As part of the Sandwell festival, Jubilee presented ‘Soundstage’ to promote local musicians, building on work with Smethwick Music Workshop and sound recording projects. This image documents a rare appearance of Joe Crow, with Paddy Quick on bass and Martin Walker on drums. Joe tells us that the girls at the front are his niece Lisa with her cousins, Billie-Jo, Krisha and Zoe.

Paddy Quick recalls:  ‘It’s a long way back but…  I remember it quite well because it was the highlight of my very short musical career. We’d been rehearsing for months before we decided we were ready to perform. Martin and I would drive over to Joe’s twice a week where we’d meet with him and Eamon Duffy and set up to rehearse. It was intended that we’d be a four-piece with Eamon Duffy on lead guitar but unfortunately, a few weeks before the Sandwell gig, Eamon broke some fingers (or his hand, I can’t remember which). However, we decided to go ahead as a three-piece with Joe filling in all the guitar parts as well as doing all the vocals and all other guitar parts. It’s easy to remember the set because it was recorded (from the soundboard by Chris Jones, I think). The audience was small and consisted mainly of our friends and families but we loved playing and were well received by those who were there. We’d decided on twelve songs for the set, all written by Joe. His songs, including the ones that didn’t make the setlist still stand up today. I would love to have heard them all on a studio album with good production values and with better bass playing. We did actually record a couple of songs under studio conditions but I’ve no idea if they still exist. Soundstage was a proud moment for me to perform with such good musicians as Joe and Martin and we played at least one other gig which was as good as that day (at some pub in Birmingham) but which wasn’t recorded. We also performed at least once with Eamon when his hand had recovered.’

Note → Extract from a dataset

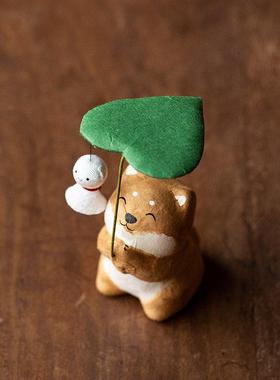 同合日本进口龙虎堂晴天娃娃招财猫摆件手工日式可爱车载装饰摆件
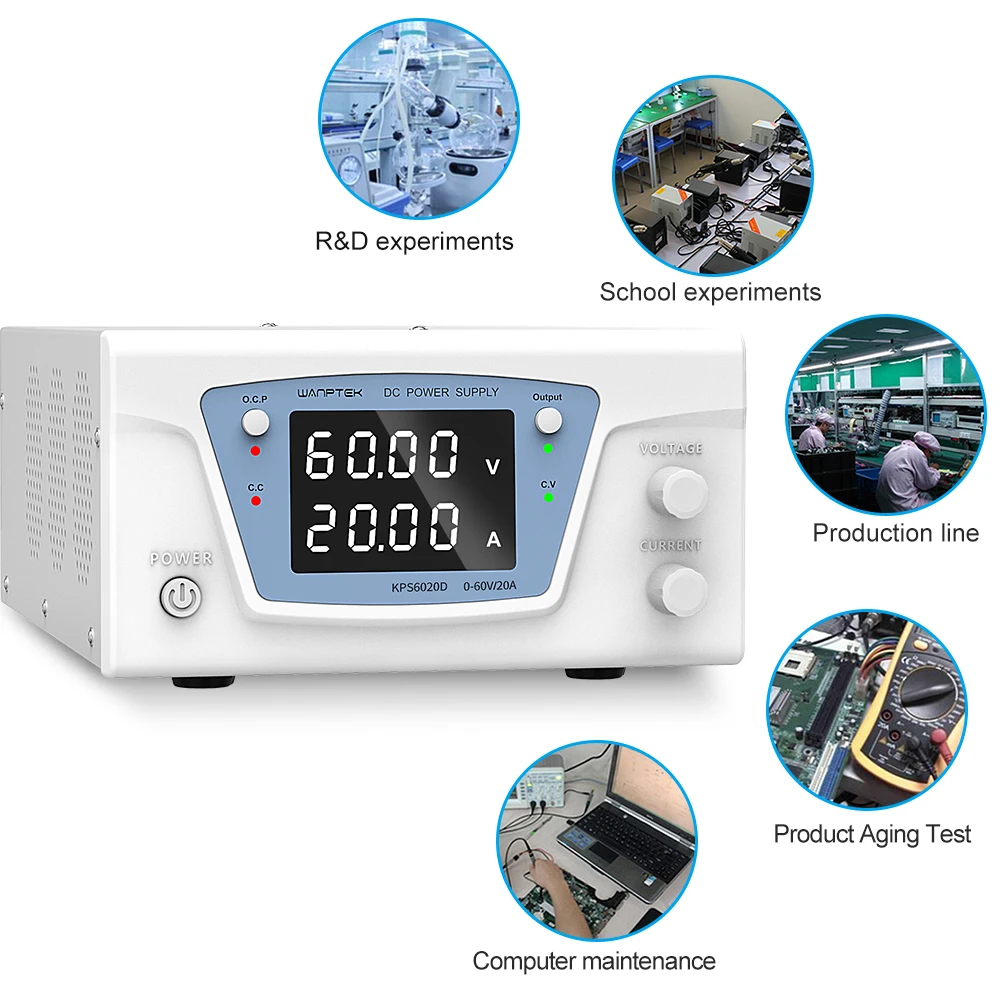 Laboratórium Egyenáram stabilized áram Ajánlattétel Alkalmazkodó m Ragozható Digitális regulated áram Ajánlattétel 100V 60V 30V 15v 10A 20A 40A 60A Bakállvány Szülőok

Chris Jones (the music worker at Jubilee) did indeed record the gig, as well as some of the rehearsal sessions in the back room at their base at 84, High Street, West Bromwich. Some of those recordings (‘Shotgun Valentine’ and ‘Tomorrow Goodbye’) can be found today at: https://soundcloud.com/j03cr0w

In those days, among other bits of kit, they were working with a TASCAM portastudio, originally the world’s first four-track recorder introduced in the 1980s, based on a standard compact audio cassette tape. (Bruce Springsteen’s album, ‘Nebraska’ was recorded in a spare bedroom on a TASCAM Portastudio 144 and a pair of Shure SM57s.)  Joe Crow had previously collaborated with Chris Jones on a live performance accompanying Smethwick break-dancers in 1984-85. He was originally a member of both The Prefects and their successor The Nightingales, Brummie punk & post-punk veterans. His single ‘Compulsion’, originally on Cherry Red Records, was covered by Martin Gore of Depeche Mode on his 1989 ‘Counterfeit’ EP. (The original was re-released on Dark Entry Records of San Francisco in 2015, as part of their mission to resuscitate the 80s underground.)